→ Directions: Please print every record below exactly as it appears, but leave out the pictures.

→ Materials provided:
──────
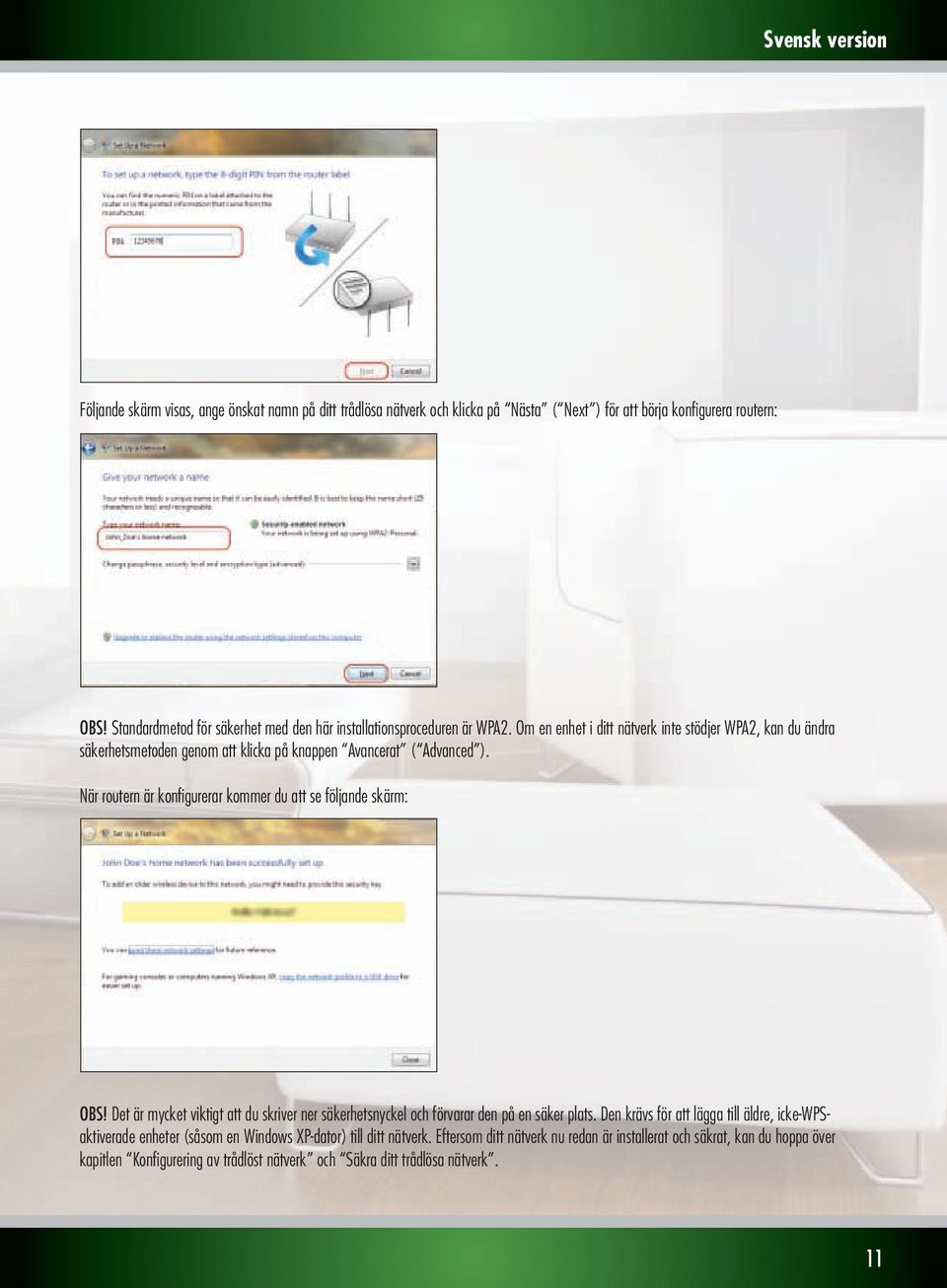 Om en enhet i ditt nätverk inte stödjer WPA2, kan du ändra säkerhetsmetoden genom att klicka på knappen Avancerat ( Advanced ).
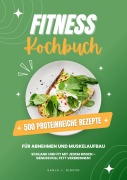 Cover-Bild zum Titel 'Fitness Kochbuch: 500 Proteinreiche Rezepte für Abnehmen und Muskelaufbau (Schlank und fit mit jedem Bissen - Genussvoll Fett verbrennen!)' von 'Sanja J. Gibson'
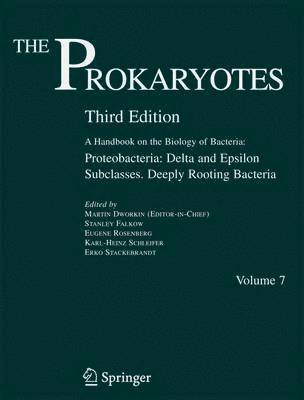 The Pxxxrokaryotexxxs: A Handbook on the Biology of Bacteria: Vol 7: Proteobacteria: Delta and Epsiolon Subclasses.Deeply Rooting Bacteria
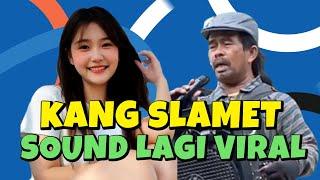 Sound viral kang Slamet pengobat lelah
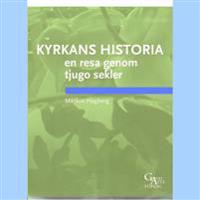 Kyrkans historia en resa genom tjugo sekler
──────
→ Solution below:
 Om en enhet i ditt nätverk inte stödjer WPA2, kan du ändra säkerhetsmetoden genom att klicka på knappen Avancerat ( Advanced ).
 Cover-Bild zum Titel 'Fitness Kochbuch: 500 Proteinreiche Rezepte für Abnehmen und Muskelaufbau (Schlank und fit mit jedem Bissen - Genussvoll Fett verbrennen!)' von 'Sanja J. Gibson'
 The Pxxxrokaryotexxxs: A Handbook on the Biology of Bacteria: Vol 7: Proteobacteria: Delta and Epsiolon Subclasses.Deeply Rooting Bacteria
 Sound viral kang Slamet pengobat lelah
 Kyrkans historia en resa genom tjugo sekler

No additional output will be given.